GREAT museums are encyclopaedias of the real.

We may go there seeking particular knowledge, but in them we encounter real things, not abstract text, and so we always end up making discoveries. It was natural therefore that discovery was a recurrent theme in a conversation I had recently with Gordon Rintoul, director of the Royal Museums of Scotland – but he was not talking only about the public making discoveries, but also about a museum rediscovering itself. He and his staff are, he says, half-way through the huge project of the refurbishment of the Royal Museum of Scotland. This magnificent Victorian temple of discovery began as the Industrial Museum of Scotland in 1854. Its present building was begun in 1861.

Over the door are the portraits of Victoria and Albert and Prince Albert's last public act was to lay the foundation stone. Following the Great Exhibition of 1851, he had been closely involved in the movement that eventually gave us the V&A, the Science Museum and the Natural History Museum in South Kensington, London, and with them here in Edinburgh the Royal Scottish Museum. Together these institutions represent a huge investment in public education, bringing the world to the people. But the creation of these museums also had a clear purpose: people who know something of the world's richness and diversity are better able to take their place in it.

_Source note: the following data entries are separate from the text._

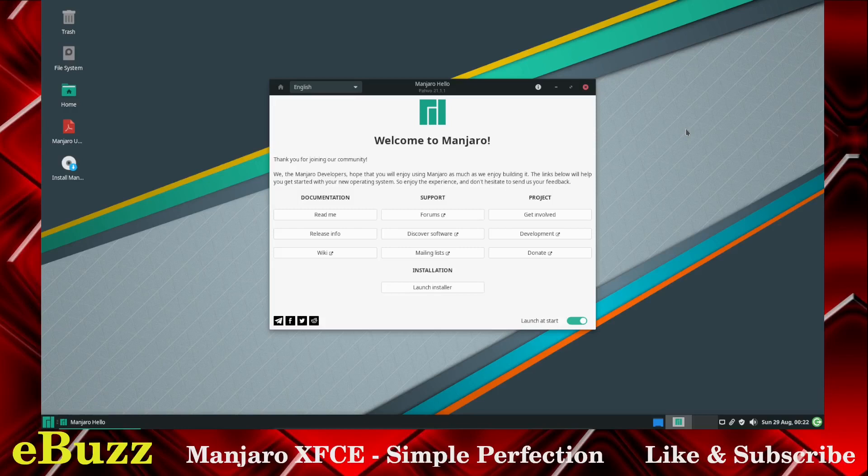Hey everybody, this is Troy with EboCentral. Today we're taking a look at Manjaro XFCE. Before we get started though, please like and subscribe to my channel.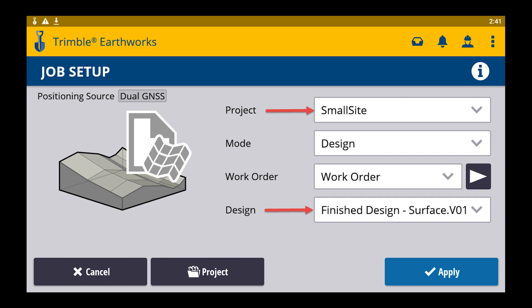On the job setup screen, you're going to select the project, make sure you're in design mode, and choose the design that you wish to use, then click apply.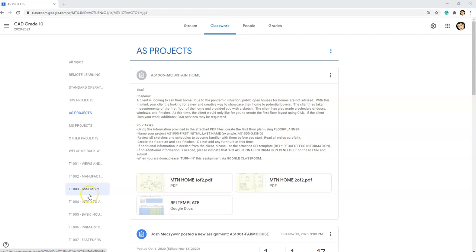For this architectural design project named AS 1005 Mountain Home, you're going to be using floor planner to recreate a floor plan for a client. The scenario is a client is looking to sell their home and due to the pandemic situation, public open houses for homes are not advised. With this in mind, your client is looking for a new and creative way to showcase their home to potential buyers.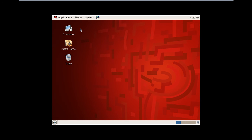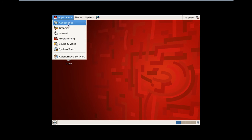Bear with us because the system is very slow.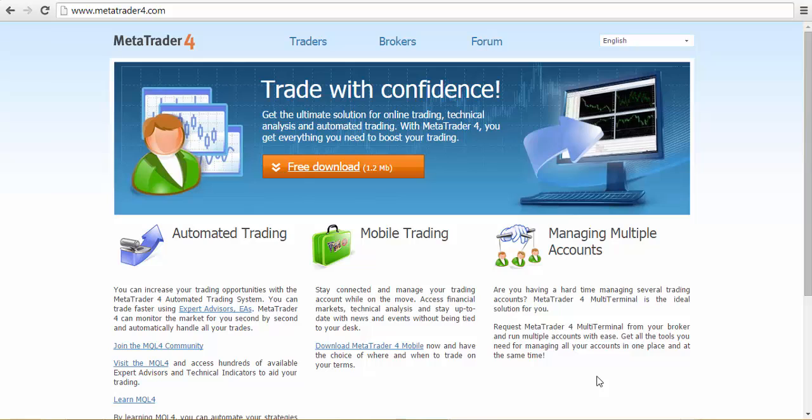Good day everyone. In this video, I will be showing you how to download and install MetaTrader 4 trading platform, better known as MT4. Okay, let's get right into it.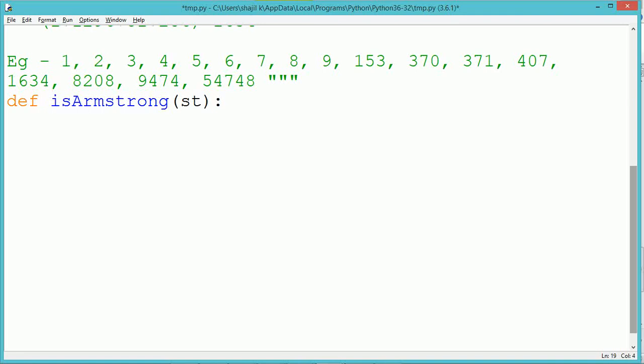To calculate that, each digit is extracted and we find 1 raised to 4 plus 6 raised to 4 plus 3 raised to 4 plus 4 raised to 4. The sum of all those values becomes the original number, which is 1634.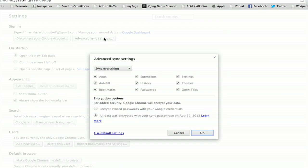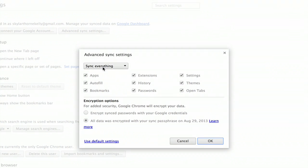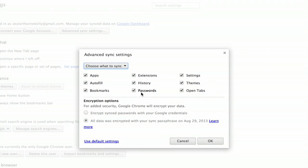If you click Advanced Sync Settings, you'll be able to choose what exactly you want to sync. For example, if you only want to sync your bookmarks, uncheck all the other boxes.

The three London museums are divided between three different areas – art and design, science, and natural history – but from the start the Edinburgh museum had to cover them all. Gordon Rintoul agrees with my suggestion that it is actually the largest general museum in the country – its collections are certainly huge and diverse. Before the refurbishment project could begin, everything had to be moved out. A new store was built, with a new conservation centre alongside it.

"There are four million items in the collection," Rintoul tells me. The sheer mass of this, compounded by cramped storage conditions, made it inevitable that there was much that had hardly been seen in living memory. Everything had to be examined, logged, catalogued and relabelled. Innumerable geological and entomological specimens might never be shown, "but quite a lot of important material was rediscovered," he says, adding "expertise was brought in from many different places to help deal with it". Rintoul was plainly excited to have presided over such a programme of rediscovery. When the new displays are installed and the museum reopens in July 2011, he says, "80 per cent of what is on view will not have been seen before".

Rintoul describes how there have been discoveries in the building itself, too. It was originally built in two halves, he says, the east half opened in 1866, but the west not until 1890. Other bits were added, internal spaces were divided and redivided until the architects' original vision was completely lost from sight.

When it reopens, the first striking change for the visitor will be the entrance itself. This will not be up the familiar steps, but at street level directly into a long, stone-vaulted gallery that runs the length of the building.

"Caithness stone paving will be continuous from outside to inside," he says. "There will be no steps." Previously this space was a series of cramped, subterranean cellars with giant pipes snaking through them. Now the partitions have gone, the Craigleith stone has been exposed, the central stone pillars have been replaced by steel columns and the whole space has been opened up into a vaulted "street". The inevitable shops, restaurant and information desks are what will greet you, but at least they are cleared out of the main museum area.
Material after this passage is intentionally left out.